Removing tilt from the wavefront is accomplished by shifting the center of the reference sphere laterally from the chief ray location so as to get a better fit to the wavefront. It effectively tilts the reference sphere relative to the wavefront to get a better fit. This lateral image shift is equivalent to a distortion. Since distortion is not specified for this problem, the tilt component of the wavefront is also removed.

Removing residual focus error from a wavefront is accomplished by shifting the center of the reference sphere axially. This is the same as adding a focus shift to the image, and the amount of the focus shift may vary across the field of view due to curvature of field or other causes.

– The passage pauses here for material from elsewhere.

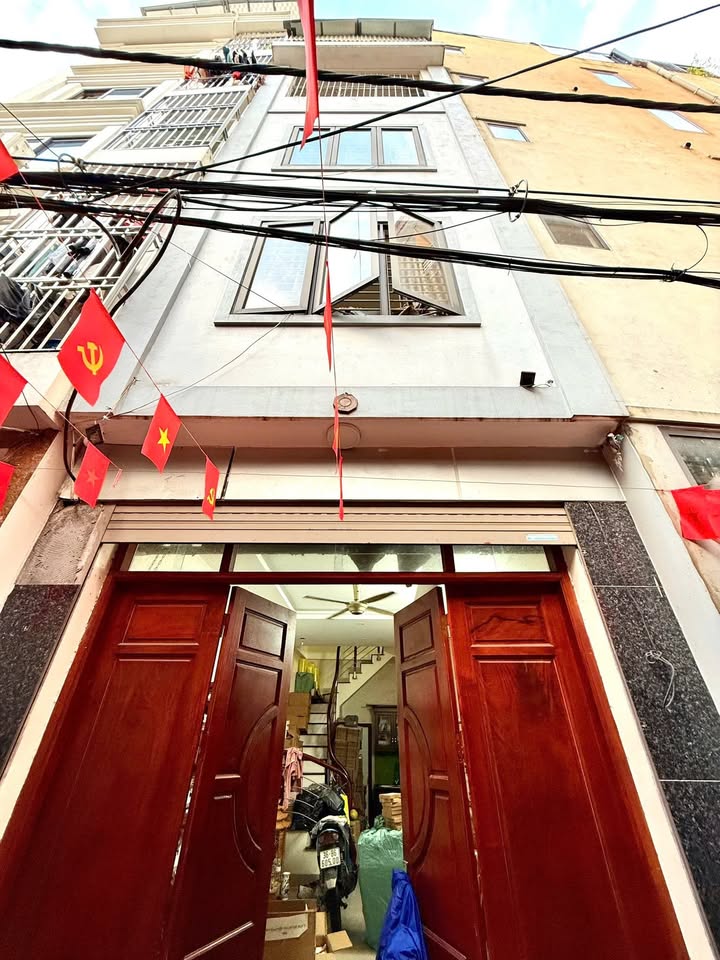 Nhà Hồ Tùng Mậu 30m² - Ô tô vào tận nhà, Sẵn sàng ở ngay!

We want to evaluate the wavefront error across the field of view at a fixed image location, namely, the image location specified in the lens prescription. So any focus error in the wavefront is not removed.

**Q. What happens if you calculate that my lens has an RMS wavefront error at some point in the field of view greater than 0.070 wave, even if I think it meets the requirement?**

A. This may happen because different lens design programs may use different numbers of rays or use different algorithms to compute the RMS wavefront error. To eliminate these differences, all the entries will be converted to CODE V format and evaluated using CODE V. This ensures that all the entries will be evaluated equally.

If the RMS wavefront error calculated by CODE V is greater than 0.070 wave at some point in the field of view, I will reduce the field of view and/or the entrance pupil diameter until the wavefront requirement is satisfied. I will try to do this so as to minimize the overall impact on the merit function – but this is not guaranteed! Note that any entrance pupil diameter and/or field of view adjustments made by me are final and no appeal is allowed. (Of course, you will not know that I changed your parameters until I announce the results at the IODC and present the Shafer Cup, and by that time it is too late to complain!)

**Q. What if my values for the maximum on-axis marginal ray height and/or maximum chief ray height on the ball lenses differ from your values for my lens?**

A. My values win. After all, I am the judge of which values are the right ones!

**Q. Who thought up this crazy lens design problem?**

A. Dave Shafer, of course. That is why we call the contest the Shafer Cup Competition!

**Q. Is that Juergens idiot going to run the problem again? He gives the worst presentations!**

A. Unfortunately, yes, he is going to both chair the problem and give the presentation at the IODC. We feel your pain! However, do not despair – after all, he is getting old and is bound to retire someday (assuming he remembers to retire…).